The Central Wasatch mountain range is beloved by those of us who live along both sides of its ridge line. We hike, we bike, we ski, we discover wildlife, we ramble and amble and find solitude amid one of the world’s most spectacular backyards. And even as these mountains are source of peace and spiritual renewal they are also, literally, the reason life is possible in Utah’s arid climate. More than 500,000 people rely on these mountains as a water source. And Utah is one of the fastest growing states in the union in no small part because of the quality of life these mountains provide.

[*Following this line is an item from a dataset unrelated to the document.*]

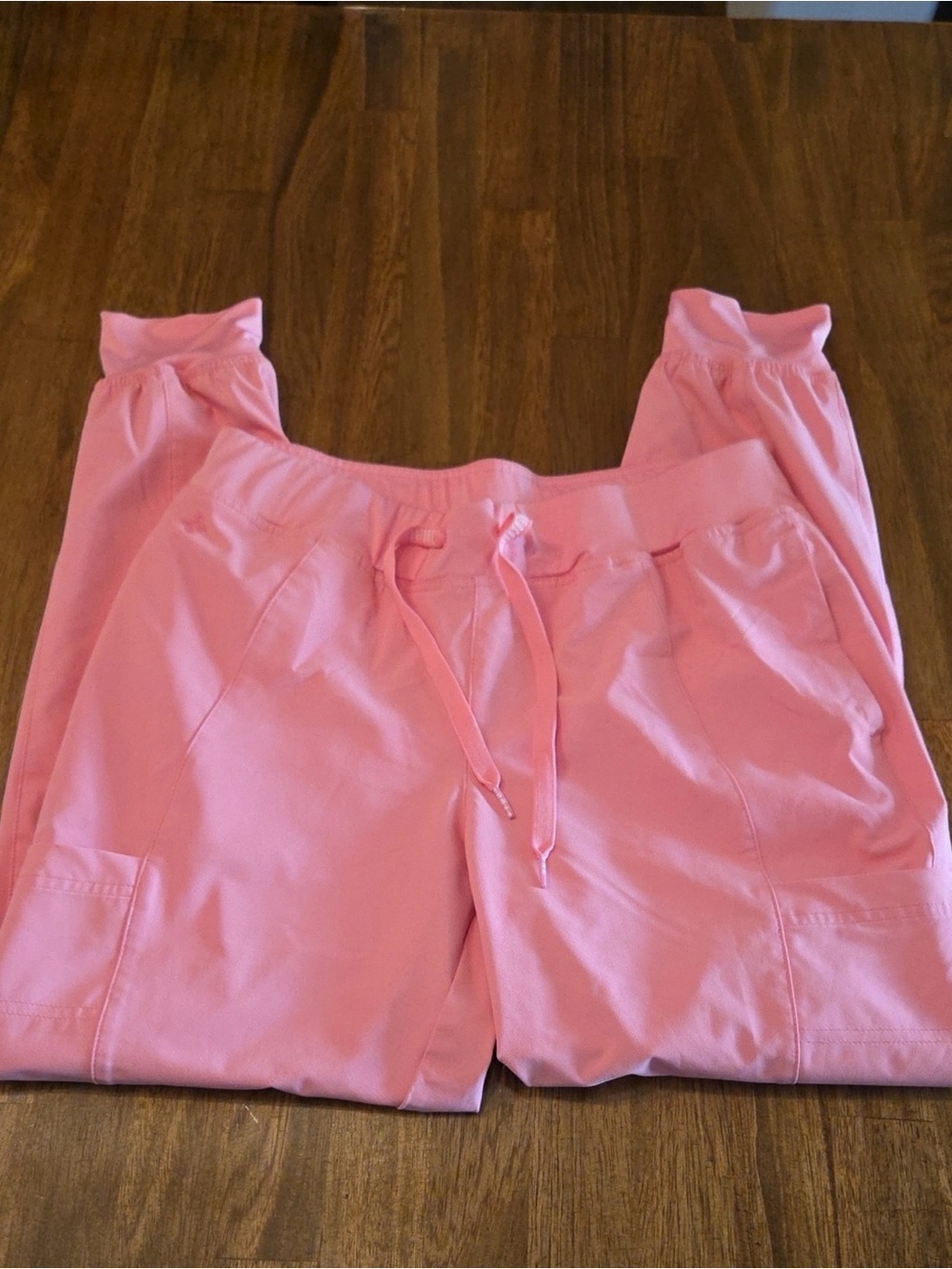 Pink Drawstring Jogger Scrub Pants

“If this process fails,” says Mountain Accord Program Director Laynee Jones. “It will be another 30 years before anyone tries anything like it. We must come to some decisions and take action now. With the growing population, the Central Wasatch will continue to be pinched from both sides and what we love about these mountains will suffer. The cost of doing nothing is too high.”
To that end, Mountain Accord has brought to the table more than 20 organizations—from city governments to environmental watchdogs, from ski resort managers to conservation groups— and nearly 200 stakeholders to discuss a plan for future that preserves the legacy of the Wasatch.

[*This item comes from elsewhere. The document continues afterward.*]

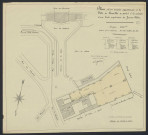 Plan d'un terrain appartenant à la ville de Versailles et destiné à la création d'une Ecole Supérieure de Jeunes Filles (R. Poincaré).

This document represents the consensus among all of the organizations working toward Accord, it is not a perfect document nor even, a legally binding one. It represents more than a year of meetings and public comment and is the consensus thus far. When signed it will represent a public statement of commitment to proceed with the agreed-upon actions with the goal to ensure the activities we enjoy in the Central Wasatch will continue while protecting the valuable watershed and sensitive environmental area that we all benefit from.
This draft of the Accord details the intent and purpose of the accord as well as its intended outcomes. Below you’ll find details about a historic land swap in Big and Little Cottonwood Canyon, the brass tacks about plans to study further transportation and transit options in Parley’s Canyon and Big and Little Cottonwood Canyons, that will serve all segments of the population in all seasons and particulars about plans to seek special federal designation for the Central Wasatch Range, which will require federal approval and jumping through the hoops of the National Environmental Policy Act (NEPA).
The work, to be sure, is not done. But this document represents unprecedented cooperation among all of the organizations that have concern for the future of the Central Wasatch Range.
NOTE: Previous language in the Accord detailing of proposed land exchange that involved acreage in Utah County’s American Fork County has been deleted. Signers agreed to respect Utah County’s jurisdiction in the matter and are not taking a position on the land proposal as it relates to Utah County.